This project explores lightweight hyperparameter optimization (HPO) for Convolutional Neural Networks (CNNs).
The approach combines:
- Stochastic Best Improvement (SBI) – a local search method that samples from neighboring hyperparameter configurations.
- Progressive Halving (PH) – an adaptive resource allocation scheme inspired by Hyperband, training promising candidates longer while pruning poor ones.
The search is applied to MobileNetV3-Small, with block-wise transfer learning: early layers are frozen (using pretrained ImageNet weights), while later layers are optimized. Although a surrogate modeling module was explored, it was ultimately abandoned due to computational constraints.
├── notebooks/ # notebook for experiments in cloud environments (such as Google Colab)
├── scripts/ # Training and experimentation scripts
├── src/
│ ├── optim/ # SBI + Progressive Halving implementation
│ ├── neighborhood/ # Neighbor sampling strategies
│ ├── loading/ # Model and data loaders
│ ├── schema/ # Structural representations of model blocks and parameters
│ ├── training/ # Training utilities
│ ├── surrogate_modeling/ # (Deprecated) surrogate-based accuracy prediction
│ └── utils/ # Helper functions
├── dataset/ # CIFAR-10
├── docs/ # Approach and environment setup documentation
├── environment.yaml # Conda environment specification
└── tests/ # Unit tests
Follow these Guidelines
To reproduce the experiments:
# Pretrained MobileNetV3 fine-tuning
python scripts/pretrained_training.py
# Run Stochastic Best Improvement with Progressive Halving
python src/optim/sa_optimization/main.pyThe proposed Stochastic Best Improvement with Progressive Halving (SBI-PH) method was tested on MobileNetV3-Small using the CIFAR-10 dataset. Each optimization run is compared to the baseline pretrained model.
| Run | Accuracy | Change vs Baseline | Parameters | Reduction vs Baseline |
|---|---|---|---|---|
| Baseline | 82.45 % | – | 1.528 M | – |
| Initial HPO Run | 82.90 % | +0.45 % | 1.528 M | 0 % |
| Second HPO Run | 86.80 % | +4.35 % | 1.019 M | −33 % |
| Third HPO Run | 86.48 % | +4.03 % | 0.574 M | −62 % |
The best configuration achieved 86.8 % accuracy, a gain of about 4 % over the baseline, while reducing the model size by roughly one-third. A more compact variant (0.57 M parameters, about 60 % smaller) maintained nearly the same accuracy.

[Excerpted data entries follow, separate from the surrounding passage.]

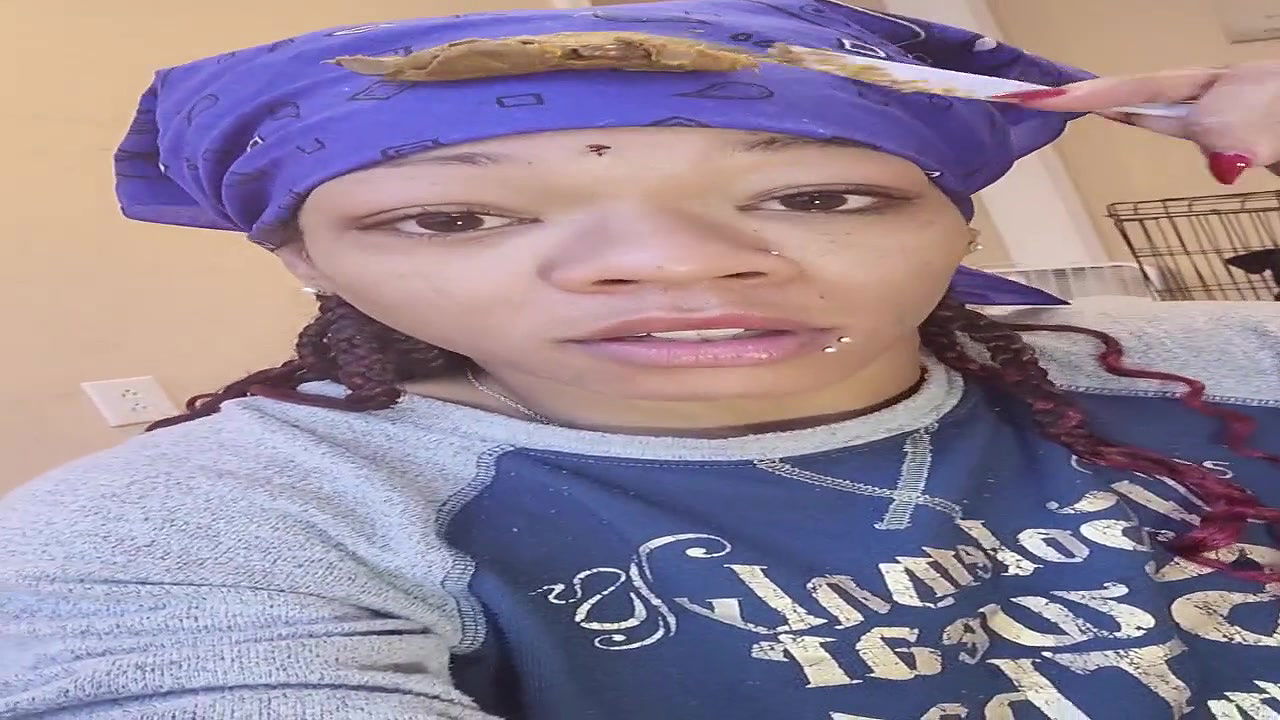 UniQueen21 – Uni”Ella smearing shit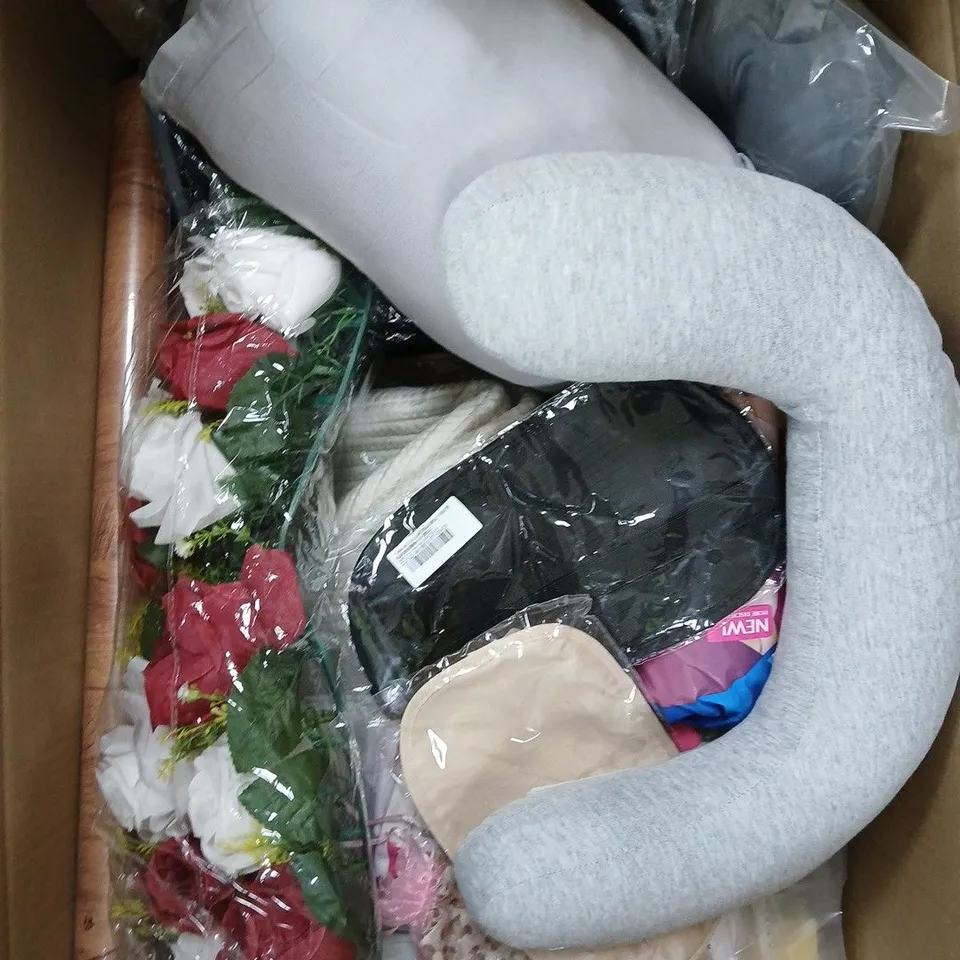 APPROXIMATELY 15 ASSORTED HOUSEHOLD PRODUCTS TO INCLUDE HOME DÉCOR, NECK PILLOW, TENA PANTS ETC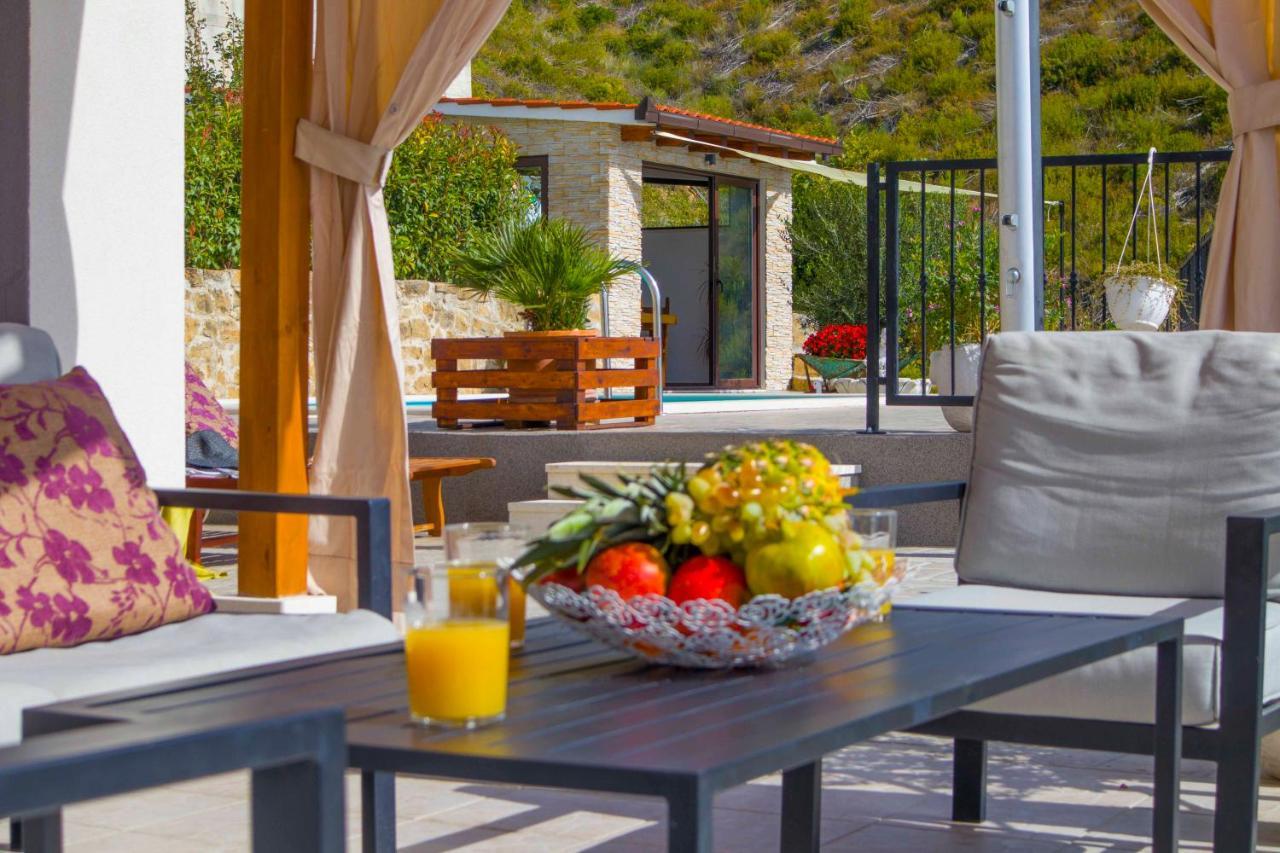 Hill Apartment With Private Pool Kucine Экстерьер фото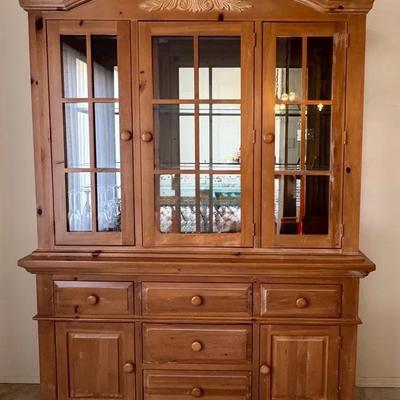 Broyhill Lighted Distressed China Cabinet 
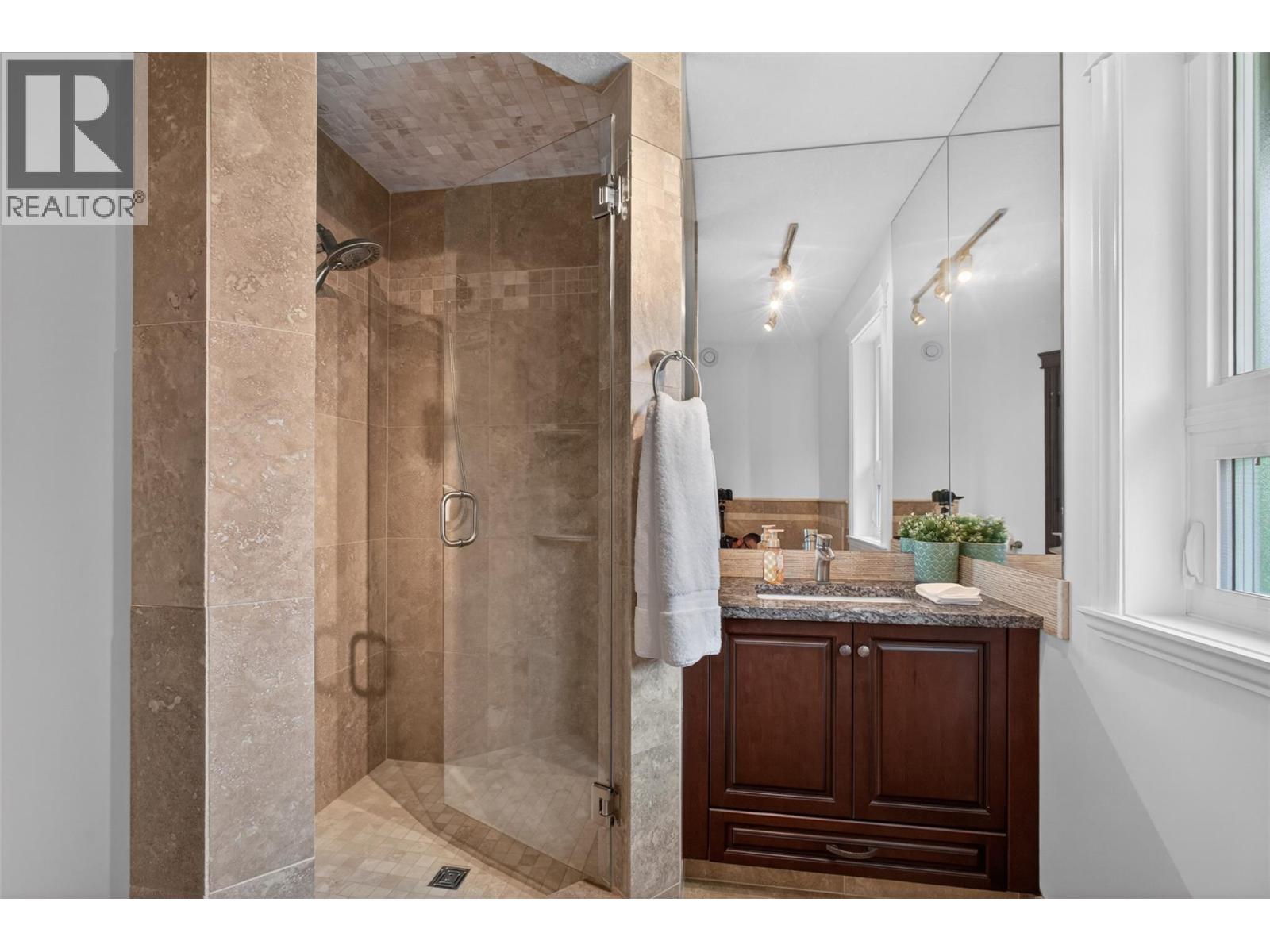 2346 Bridgeview Road, West Kelowna, British Columbia  V1Z 2V5 - Photo 38 - 10389655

If you find this interesting, you can read the following:
- Literature Review: Convolutional Neural Network (CNN) Architecture and Hyper-Parameter Optimization (HPO) for Image Classification
- [Stochastic Best Improvement with Progressive Halving Hyperparameter Optimization for Image Classification](TO BE PUBLISHED)
This project is done within the Semestrial Project for "Intelligent Systems & Data" Option at Ecole nationale Supérieure d’Informatique (ESI)
This project is released under the MIT License.